Founded in 2012 in California, Looker offers a data exploration and discovery business intelligence platform to help companies analyse and share real-time business analytics, with more than 300 customers including Yahoo, GitHub, Deliveroo and HubSpot.

The company received funding from investors such as Redpoint, Meritech Capital Partners, First Round Capital, Kleiner Perkins, CapitalG and PremjiInvest.

Merging with Google Cloud

In a blogpost, Google Cloud chief executive Thomas Kurian said: “Together, we’re excited to offer customers a comprehensive analytics solution that integrates and visualises insights at every layer of their business.

“Today, hundreds of joint customers already rely on Google Cloud and Looker to make smarter business decisions. And by joining together, we believe we will be uniquely positioned to address the data analytics and business intelligence demands of even more enterprises globally, across all industries.

“Looker will strengthen Google Cloud’s analytics and data warehouse capabilities, including BigQuery, enabling our customers to address some of their toughest business challenges, faster – all while maintaining complete control of their data.”

Kurian added that Google Cloud and Looker share a “common philosophy” around delivering open solutions and supporting customers on Google Cloud, in public clouds or on premises.

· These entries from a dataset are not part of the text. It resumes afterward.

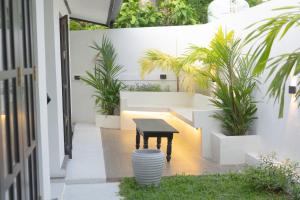 Κήπος έξω από το Cinnamon Wave Villa - Thalaramba, Mirissa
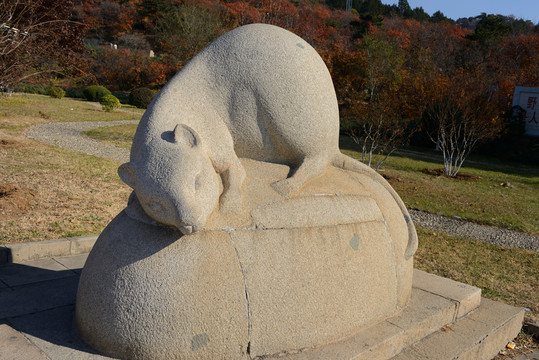 蟒山森林公園生肖石雕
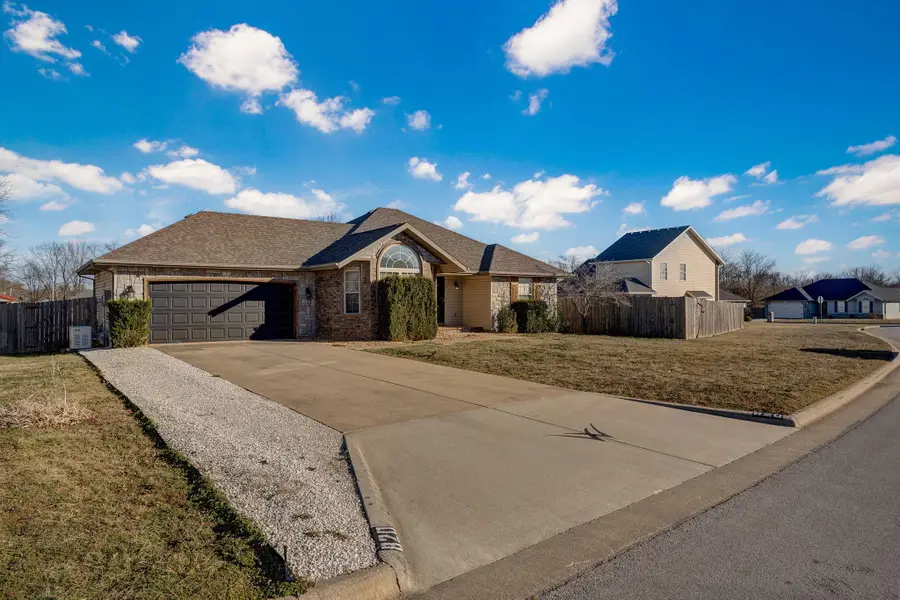 820 S Quade Road, Springfield, MO 65802 - Image #3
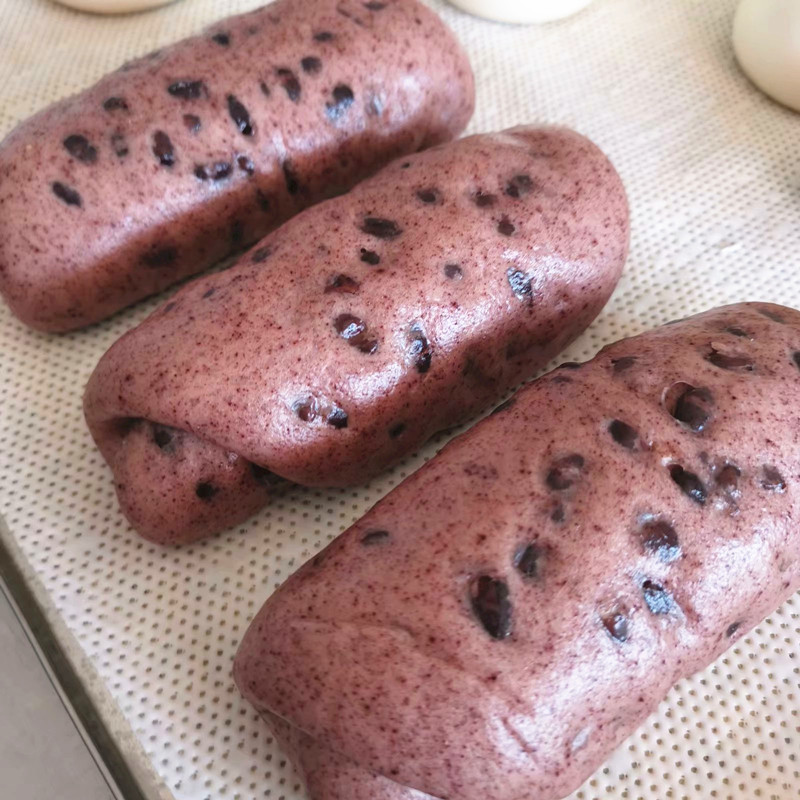 Black rice red bean steamed buns 5 handmade miscellaneous cereals Five cereals Elderly children Nutritious Breakfast Bulk Foods Now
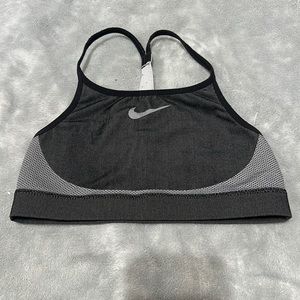 Nike Kids Sports Bra Large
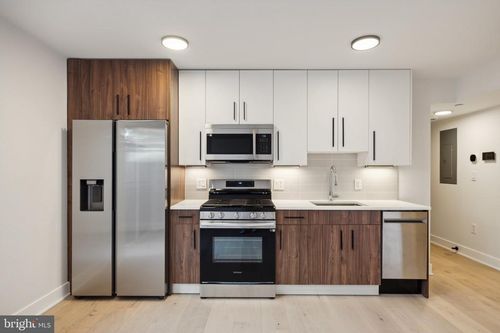 apt-3-845 19th St Ne, WASHINGTON, DC, 20002-4071 | Card Image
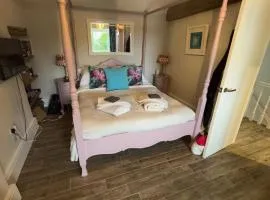 Prior Hall Farm Cottage - 3 bedroom luxury cottage in center of Malham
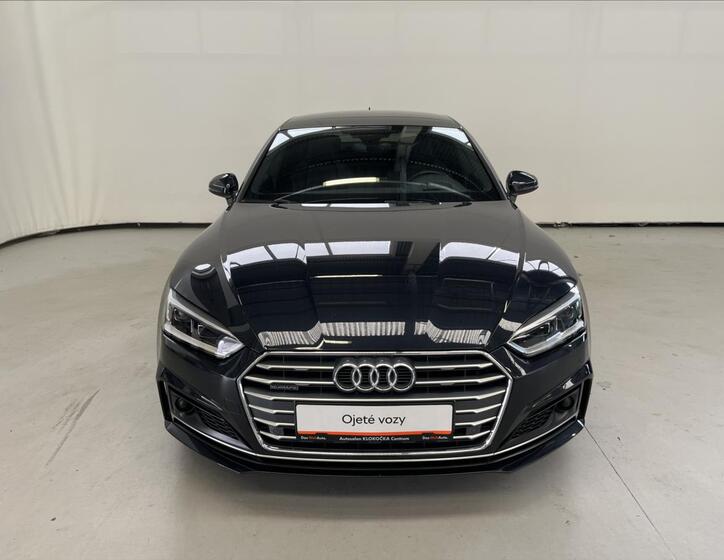 Audi A5 4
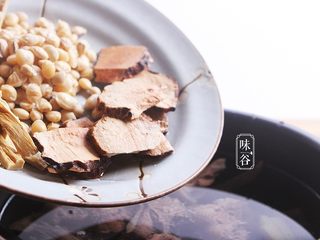 8、土茯苓笋干老鸭汤,倒入浸泡好的笋干，白扁豆和土茯苓，大火煮开，小火慢煲1个小时。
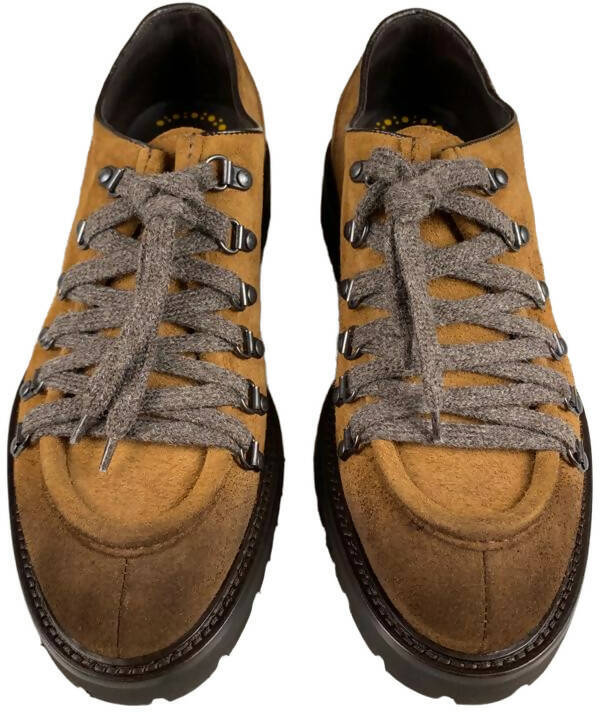 Scarpa uomo Doucal's Derby in suede color cammello con lacci a contrasto e ganci metallici, scarpe stringate basse.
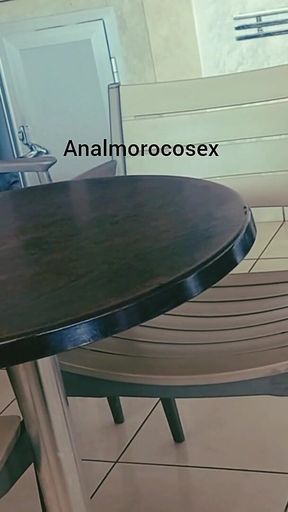 A Café Cleaner Fell in Love with a Customer… the Ending Changed Everything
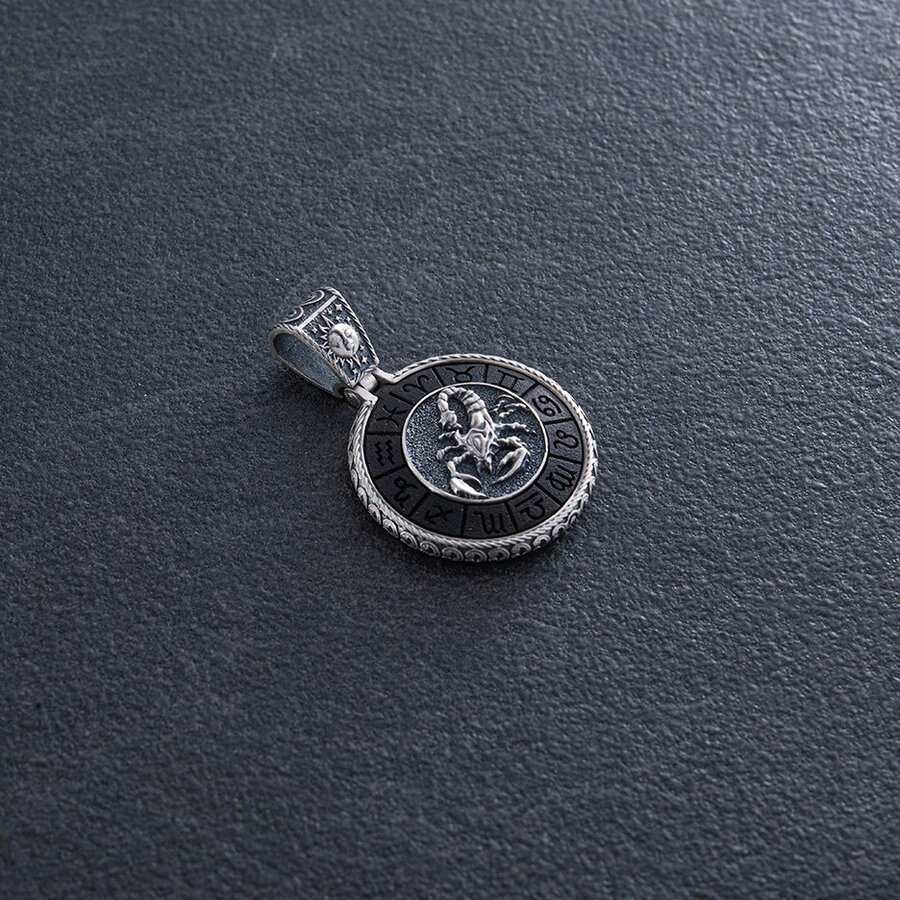 Серебряный кулон "Знак зодиака Скорпион" с эбеном 1041скорпіон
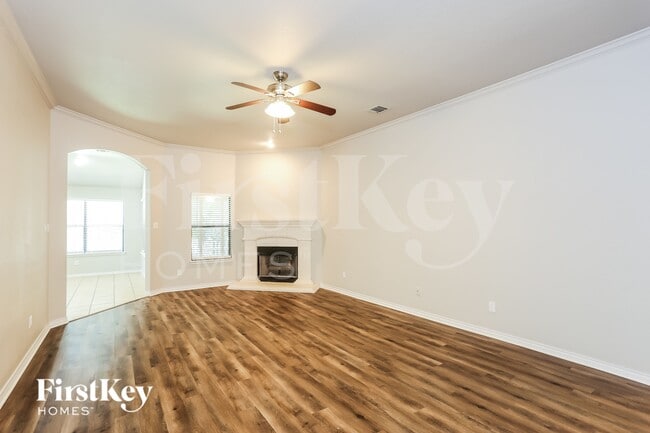 Foto del edificio - 2213 Brandy Dr
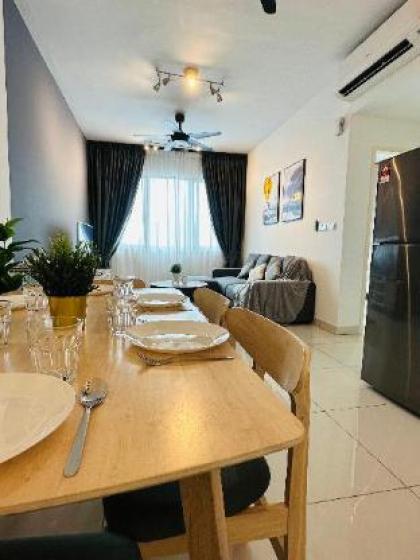 Family Suite Velocity Mall 7pax 3 Rooms Cheras #03 - image 12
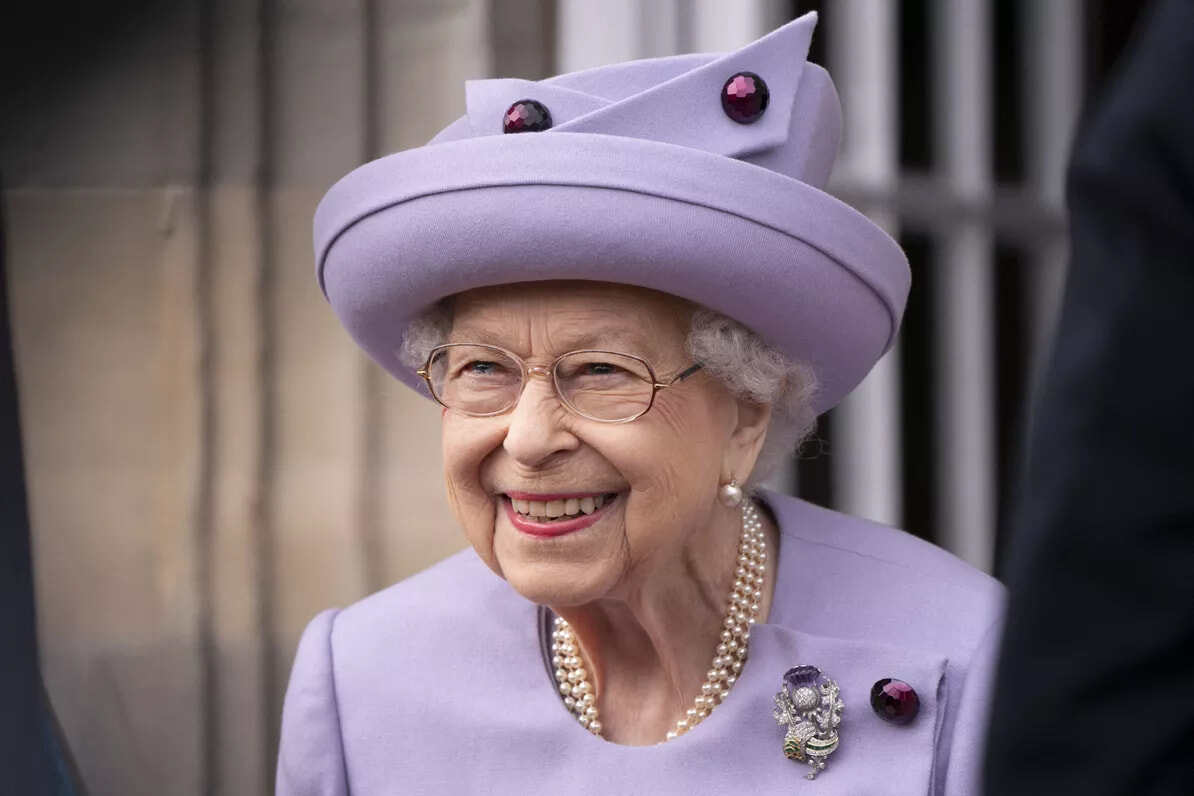 00-241113-queen-elizabeth.jpg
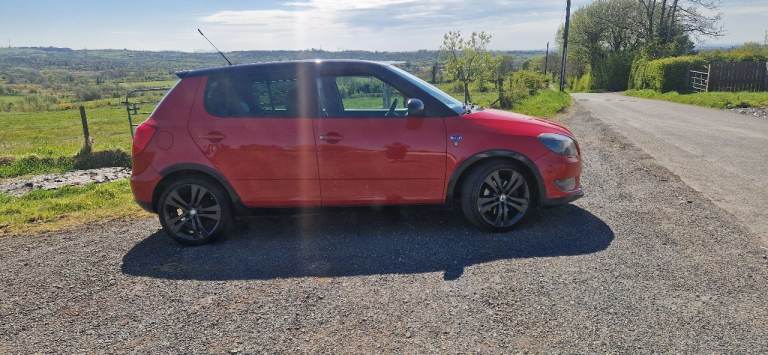 Skoda, FABIA, Hatchback, 2011, Manual, 1598 (cc), 5 doors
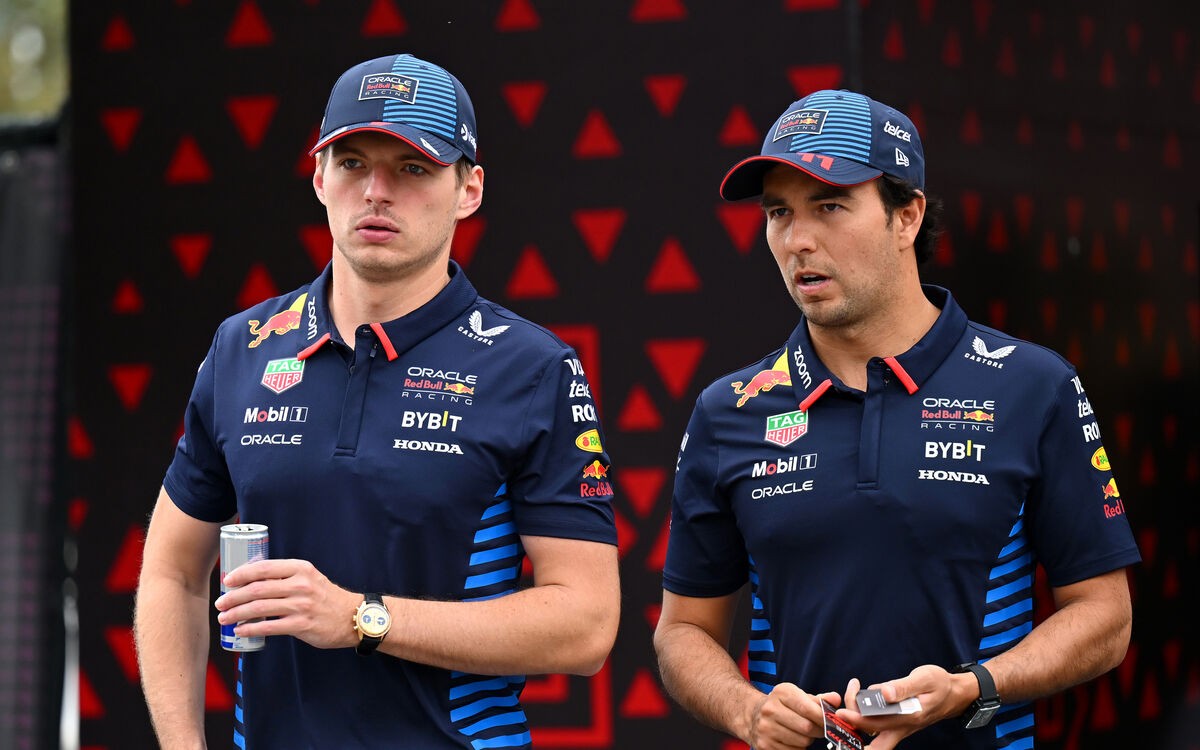 Max Verstappen a Sergio Pérez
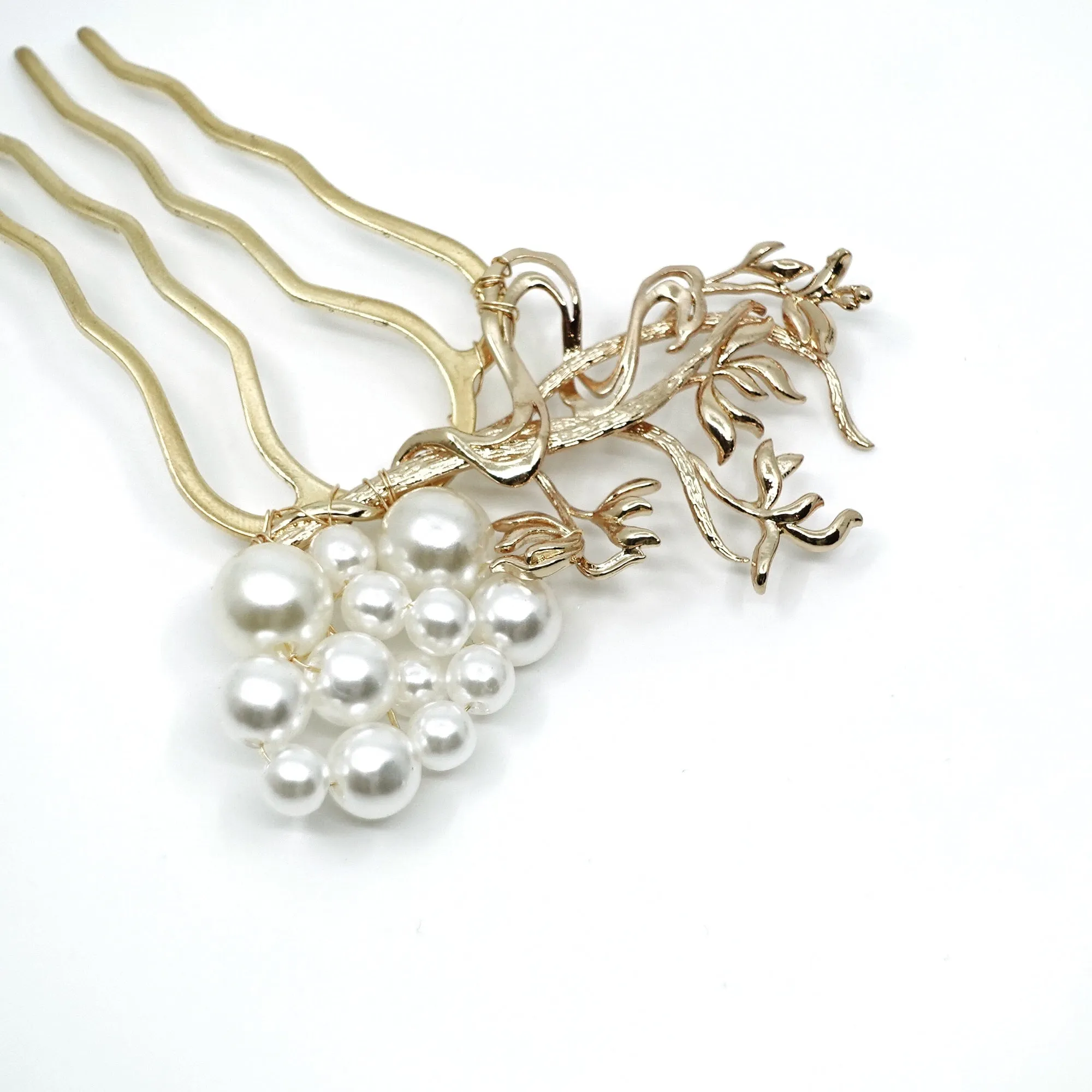 Divine Lotus Hair Comb Gold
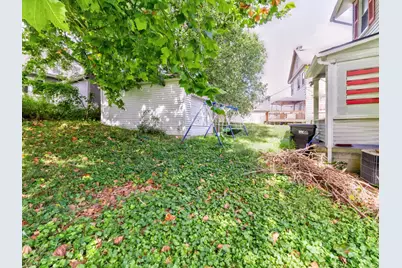 1030 Knoll St, Aliquippa, PA 15001 - Photo 6
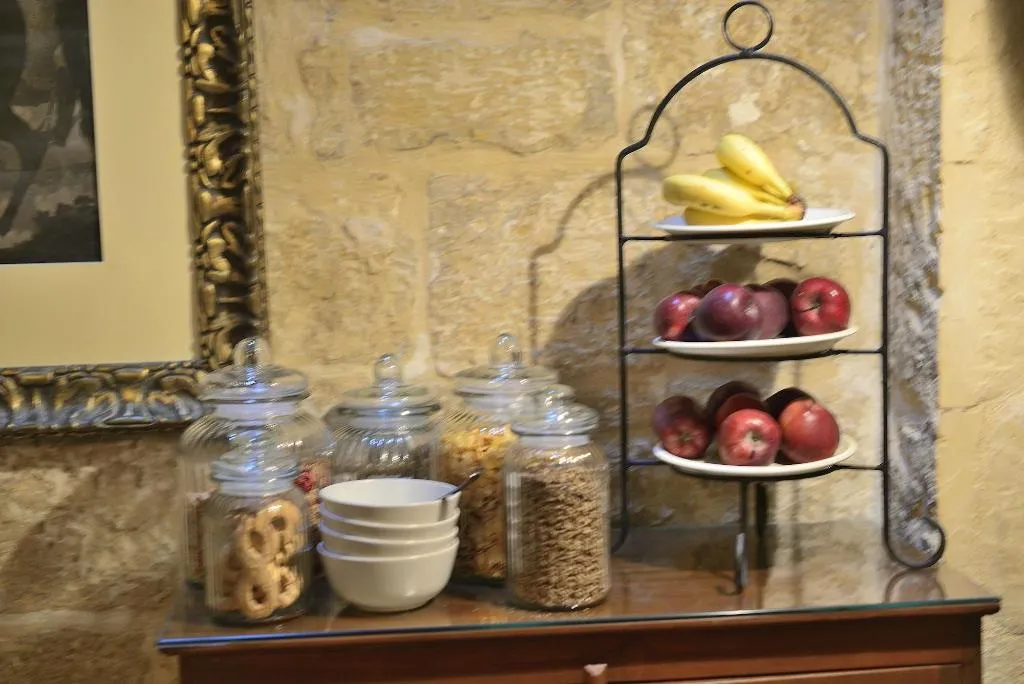 Restaurant, The Burrow Guest House, Malta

“As more organisations adopt a multi-cloud strategy, Looker customers and partners can expect continued support of all cloud data management systems like Amazon Redshift, Azure SQL, Snowflake, Oracle, Microsoft SQL Server and Teradata,” he said.

Looker CEO Frank Bien added: “Joining Google Cloud provides us better reach, strengthens our resources and brings together some of the best minds in both analytics and cloud infrastructure to build an exciting path forward for our customers and partners. The mission that we undertook seven years ago as Looker takes a significant step forward beginning today.”